Robotic ventral mesh rectopexy (RVMR) is an appealing approach for the treatment of rectal prolapse and other conditions. The aim of this study was to evaluate the outcomes of RVMR for rectal prolapse.

Methods

We performed a retrospective chart review for patients who underwent RVMR for rectal prolapse at our institution between July 2012 and May 2016. Any patient who underwent RVMR during this time frame was included in our analysis. Any cases involving colorectal resection or other rectopexy techniques were excluded.

Results

Of the 24 patients who underwent RVMR, 95.8% of patients were female.

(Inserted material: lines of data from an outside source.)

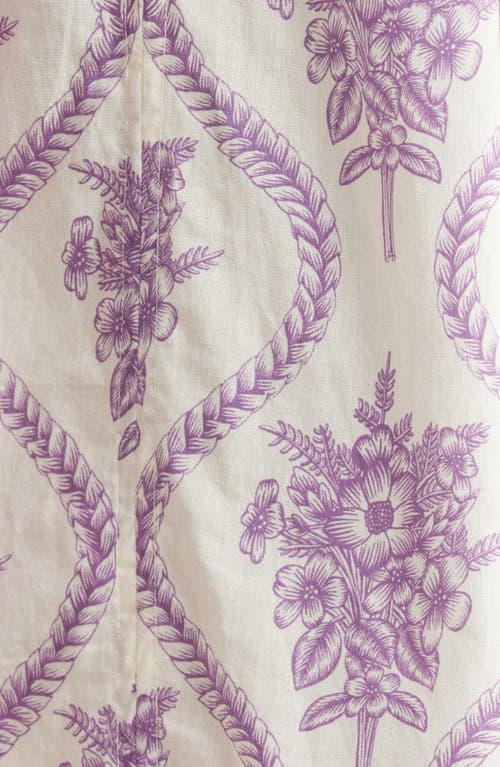 Desmond & Dempsey Pleated Flutter Sleeve Cotton Nightgown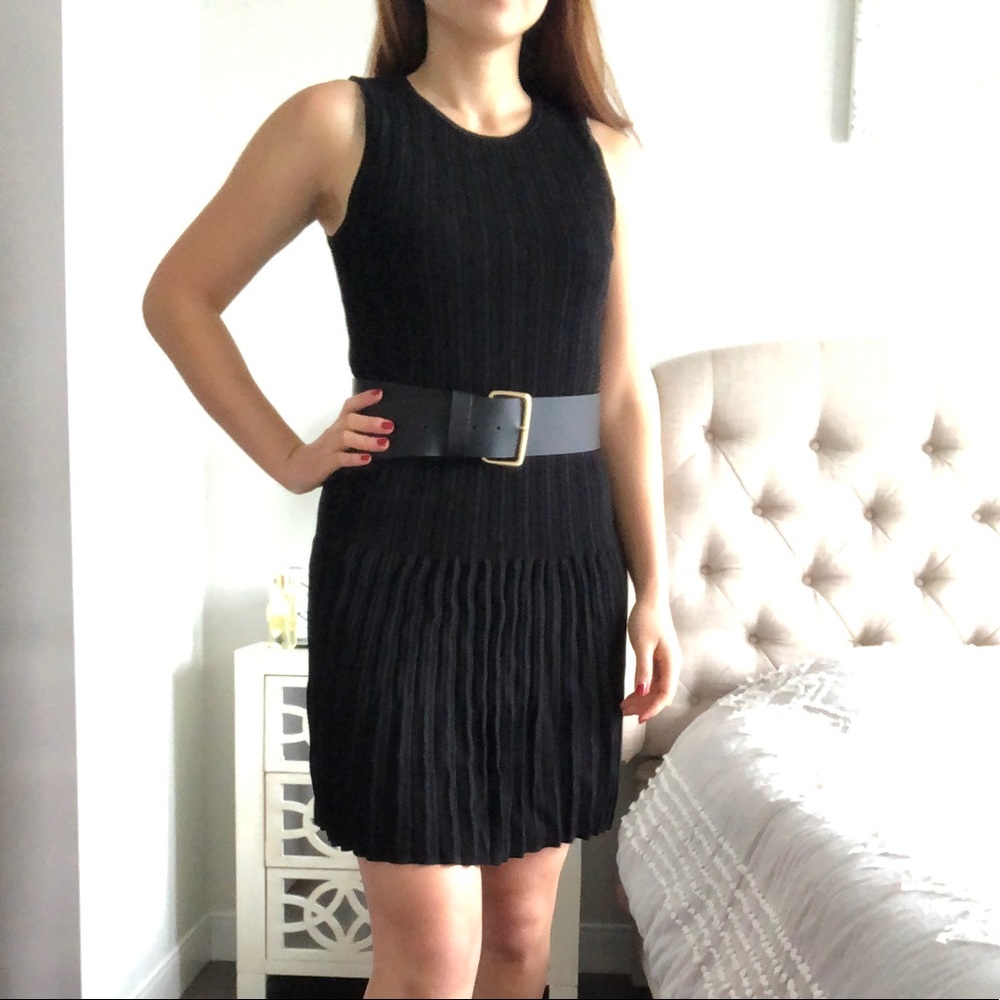 Ann Taylor Knit Sleeveless Sweater Dress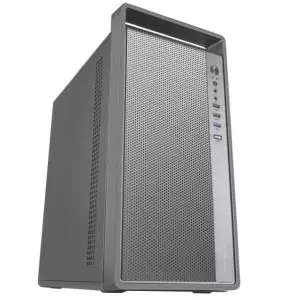 &divide; Caja microatx tacens 2fortisii negra frontal mesh gpu 235mm asa de transporte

Median age was 67.5 years old (IQR 51.5–73.3), and 79.2% of patients were American Society of Anesthesiologists class III or IV. Median operative time was 191 min (IQR 164.3–242.5), and median length of stay was 3 days (IQR 2–3). There were no conversions, RVMR-related complications or mortality. Patients were followed for a median of 3.8 (IQR 1.2–15.9) months. Full-thickness recurrence occurred in 3 (12.4%) patients. Rates of fecal incontinence improved after surgery (62.5 vs. 41.5%, respectively) as did constipation (45.8 vs. 33.3%, respectively). No patients reported worsening symptoms postoperatively. Only one (4.2%) patient reported de novo constipation postoperatively.

Conclusions

RVMR is a feasible, safe and effective option for the treatment of rectal prolapse, with low short-term morbidity and mortality. Multicenter and long-term studies are needed to better assess the benefits of this procedure.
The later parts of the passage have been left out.